If your child is the first in your family to go to college – there are about 4.5 million of them starting at universities each year — they are less likely to be academically prepared, understand the financial obligations involved or even graduate. If your child comes from the bottom quarter of income distribution, college is a place where she’s in the extreme minority: In a survey of the top 100 schools, Deresiewicz reports, only 3 percent of undergraduates came from families in the bottom quarter of the income distribution, while 75 percent were from the top quarter.
Besides, the right school still might not make a child happy and, according to new research, students aren’t even learning very much anyway. Last week, authors Richard Arum and Josipa Roska released an update of their shocking book, Academically Adrift, in which they revealed many students had “limited or no learning at school.” In a new follow-up study, the researchers found the now graduated students unable to settle on careers because of a lack of critical thinking skills.
We hate seeing our kids in pain. But trying to fast forward through a child’s struggle can have the opposite effect. “Pain and struggle build muscle,” says Julie Mencher, a psychotherapist in Northampton, MA who consults with colleges on mental health issues. “They are part of the college process. You wouldn’t want them to sail through. They won’t be prepared for life.”
Remember when they were learning to walk?

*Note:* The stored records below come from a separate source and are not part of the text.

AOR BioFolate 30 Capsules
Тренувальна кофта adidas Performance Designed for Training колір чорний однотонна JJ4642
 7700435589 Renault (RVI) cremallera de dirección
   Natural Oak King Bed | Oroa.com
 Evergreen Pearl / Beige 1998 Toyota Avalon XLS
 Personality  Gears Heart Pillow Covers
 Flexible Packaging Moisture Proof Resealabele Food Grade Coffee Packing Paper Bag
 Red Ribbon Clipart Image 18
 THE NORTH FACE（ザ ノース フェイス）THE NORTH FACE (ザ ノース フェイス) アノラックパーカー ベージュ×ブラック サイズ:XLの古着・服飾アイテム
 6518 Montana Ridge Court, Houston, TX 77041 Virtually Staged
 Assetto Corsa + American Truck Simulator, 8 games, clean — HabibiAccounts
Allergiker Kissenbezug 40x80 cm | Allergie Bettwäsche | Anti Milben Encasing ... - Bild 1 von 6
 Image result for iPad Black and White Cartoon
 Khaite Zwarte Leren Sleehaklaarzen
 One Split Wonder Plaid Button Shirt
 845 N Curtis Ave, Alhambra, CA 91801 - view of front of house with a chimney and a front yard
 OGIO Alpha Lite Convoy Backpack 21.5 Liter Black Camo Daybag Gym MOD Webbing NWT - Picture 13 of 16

They would face plant, then look right at you. If you freaked, their faces crumpled. If you said, “Oopsie, you fell! You’re okay,” and helped them up, they toddled right on. All these years later, little has changed. The right mix of empathy and optimism will teach your children how to respond to their new experiences away from home. “You have to model the ability to cope with feelings,” Mencher says. “Your reaction will influence theirs.”
Taking full advantage of all that college offers can be tough for teens facing a major life transition under pressure to perform. Perhaps we should all lower our expectations and let kids find their way. You can give them the opportunity to thrive, but when it comes to finding happiness or success, kids are really on their own. The good news is that an adolescent’s emotional roller coaster comes with one plum benefit: feelings pass and shift quickly. Last night’s despondent text can turn into tomorrow morning’s happy hello. Kids also reserve their foulest feelings for parents and most college students don’t want to get pegged a downer by their new friends. That leaves you as the receptacle for their anger and frustration.
If your kid seems happy, godspeed. But just because she rocked college last year doesn’t mean she won’t minor in heartbreak or identity crisis next semester. Be prepared. Look your kids’ struggles in the eye, and don’t blink. They’ll thank you for it – and text you more often.